• Dataset excerpt:
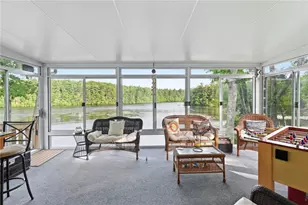 55 Slater Dr, Burrillville, RI 02830 - Photo 33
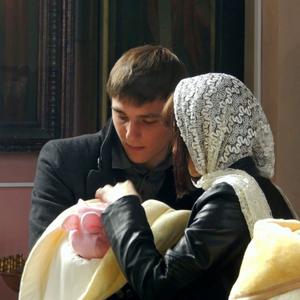Парни в Новоалександровске: Евгений, 31 - ищет девушку из Новоалександровска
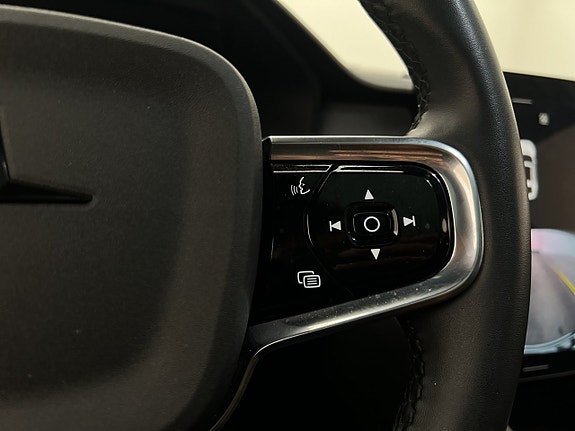 Polestar 2 21 of 30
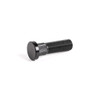 COMMANDER Track Replacement Parts - 373039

• What is required: Only the pictures stay out; everything else in the listing above must be repeated exactly.

• Expected output:
 55 Slater Dr, Burrillville, RI 02830 - Photo 33
Парни в Новоалександровске: Евгений, 31 - ищет девушку из Новоалександровска
 Polestar 2 21 of 30
 COMMANDER Track Replacement Parts - 373039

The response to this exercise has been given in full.